Without a strong narrative as a base, rookie filmmaker Rahul Dahiya’s G – A Wanton Heart can’t be the meaningful examination of cultural ills it aspires to be. Instead, it’s mostly social justice torture porn.
G has no true protagonists, only a handful of characters from the same village whose importance to the story varies over time. We are first introduced to a thief named Keku as he tries to molest his cousin’s wife while she sleeps. He then tries to rape Preeti, the kidnapped owner of a van he’s stolen.
The rape attempt is interrupted by Virender, the leader of Keku’s bandit trio, though he’s not in a hurry to intervene. Virender switches seats with Keku, and himself leans on the woman’s shoulder before laying his head in her lap.
The car theft sequence highlights a recurring theme in the film: women have zero autonomy over their own bodies. Men grab and grope, leer and proposition, with no negative consequences for their lascivious behavior.
Every man in G is a horny pervert. Every one. The men who aren’t actively trying to have sex with women are watching some other man try to do so. Boys watch as a teenager photographs a naive adolescent girl under her clothes, and toothless old men gawk at those same photos on their mobile phones.
Whenever a woman tries to act on her own sexual desires, she is punished for it.

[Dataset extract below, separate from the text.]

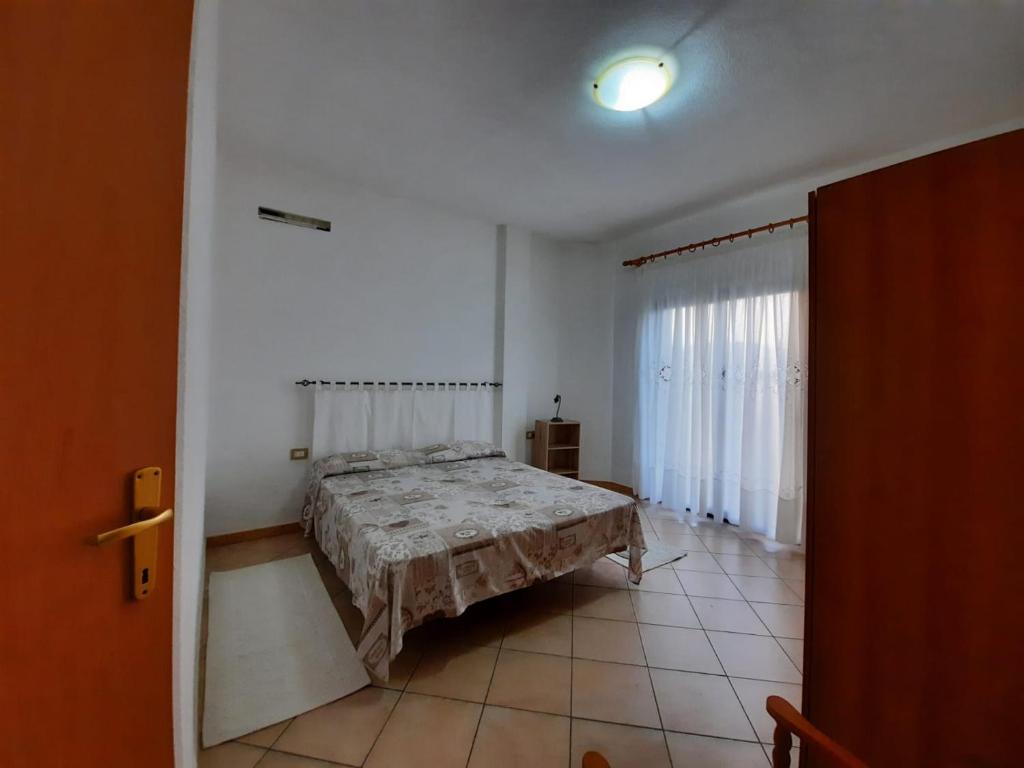 een slaapkamer met een bed in een witte kamer bij Domo Vèdele in Galtellì
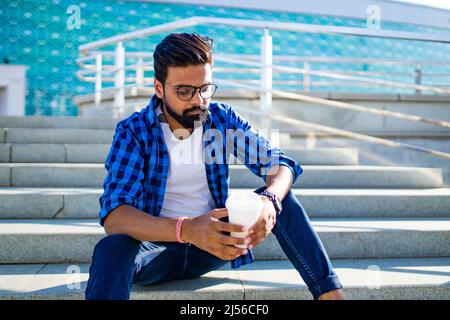 l'homme d'arabie chélat avec une tasse de cacao est assis sur les escaliers à l'extérieur Banque D'Images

Heck, even if she’s violated against her will, she’s still punished. Women and girls are held entirely responsible for their own sexual purity, and it’s seemingly the mission of the whole village to police the conduct of its female residents.
Though Dahiya tries to make a point about repressive sexual mores in rural India — going so far as to end the film with statistics about honor killings — the message fails to connect without a narrative to anchor it. The absence of a clear protagonist (or protagonists) keeps the audience from connecting with the characters.
The vision of Indian village life that Dahiya paints is a portrait of hell on earth, particularly for women. One wonders how any village females survive long enough to bear their own children when every infraction is punishable by death.
Issues such as honor killings, gender bias, and women’s safety remain a huge problem in India, and yet, clearly villages survive. Though mainstream Bollywood movies often paint an overly rosy picture of village life, there is certainly some basis in reality for the wholesome simplicity Bollywood admires. Dahiya’s depiction lacks context.
In G – A Wanton Heart, there is no hope for any of the female characters, nowhere to turn. The men who claim to love them — boyfriends, brothers, fathers — won’t protect them, and are often among those calling for their deaths. With no chance for a better life, why live? And yet real Indian women persevere, village girls dreaming of school and futures they define for themselves.
It’s not that the movie needs to be hopeful, just that there must be room for hope. Without that, G – A Wanton Heart becomes an inadvertent glorification of the very patriarchal violence its creator abhors.